In practice, you can think of each fact or question as following a simple pipeline: produce a canonical triple, parse subject/relation/object, encode via vector operations and relation permutations, then carve or query regions in conceptual space. The grammar described on this page specifies the textual forms that are allowed at the engine boundary; the encoding and reasoning specs explain how those forms are mapped into geometry.

Concrete Examples

Assertion:
  @f1 ASSERT Dog IS_A Animal
Property (value as concept):
  @f2 ASSERT Water BOILS_AT Celsius100
  @f3 ASSERT Celsius100 IS_A temperature
Question:
  @q1 ASK "Water BOILS_AT Celsius100?"
Counterfactual:
  @cf CF "Water BOILS_AT Celsius50?"
      | Water BOILS_AT Celsius50
Deontic:
  @f4 ASSERT ExportData PROHIBITED_BY GDPR
Causal:
  @f5 ASSERT Fire CAUSES Smoke
Temporal:
  @f6 ASSERT EventA BEFORE EventB
Structural:
  @f7 ASSERT Engine PART_OF Car

These examples are deliberately simple, but they capture the core shapes that the engine understands.

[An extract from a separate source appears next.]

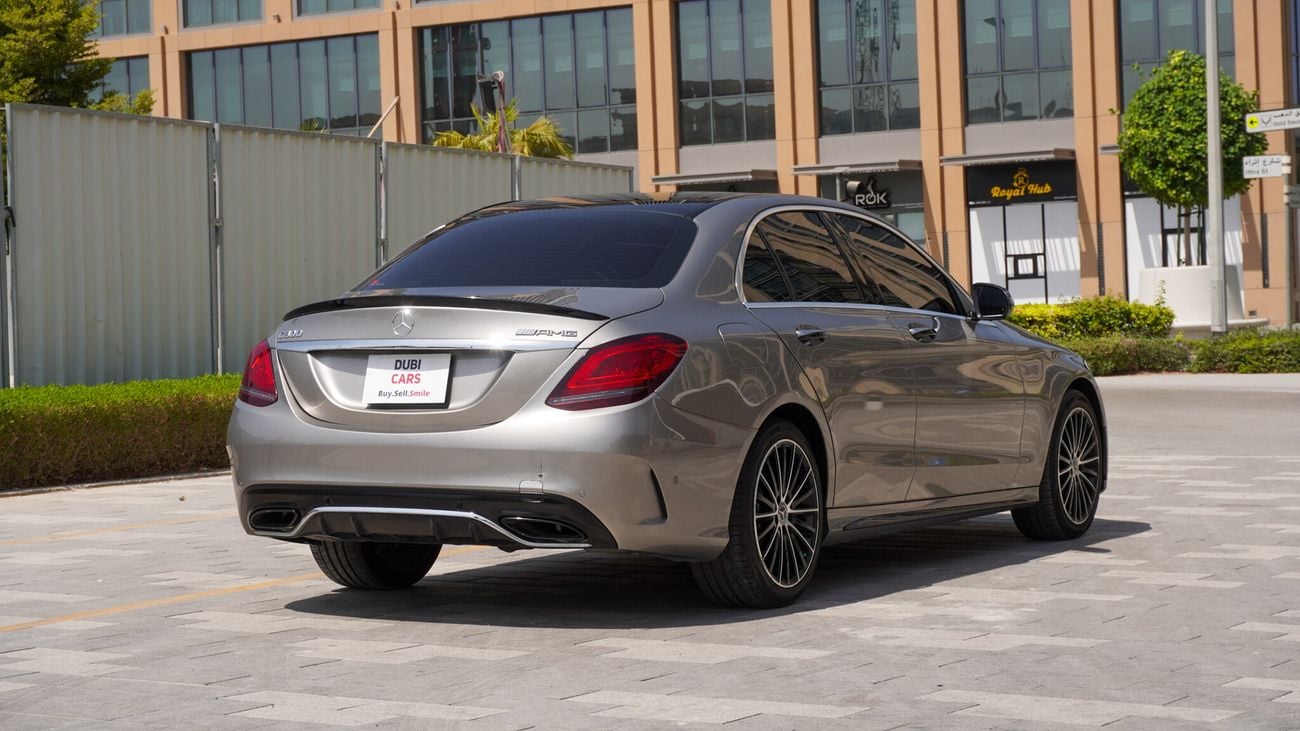 Mercedes-Benz C 300 AMG Pack 2.0L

More complex scenarios are expressed as Sys2DSL programmes that build on these triples, bind concepts and points, apply masks, and combine intermediate results via variables and topological evaluation.

Why Such a Strict Grammar?

The decision to keep the grammar small is a trade-off between flexibility and clarity. Every extra degree of freedom in language must be reflected in the encoding and reasoning layers, multiplying the ways in which ambiguity can slip in. By constraining inputs to a handful of relations and simple token patterns, AGISystem2 gains several advantages: parsing is deterministic, the mapping from text to vectors is transparent, and explanations can directly reference the original sentences without hidden transformations. TranslatorBridge assumes the burden of dealing with messy human language, allowing the core engine to remain lean and exact.

For developers coming from traditional machine learning backgrounds, this may feel strict compared to end-to-end text models. The benefit is that when something goes wrong you can often point to a specific sentence shape or relation choice as the cause, rather than to a mysterious shift in a large neural network. The Grammar, Conceptual Spaces, and Algorithms chapters together form a small wiki that explains how this constrained language maps into geometry and why that constraint is a feature, not a limitation, for safety-critical and auditable systems.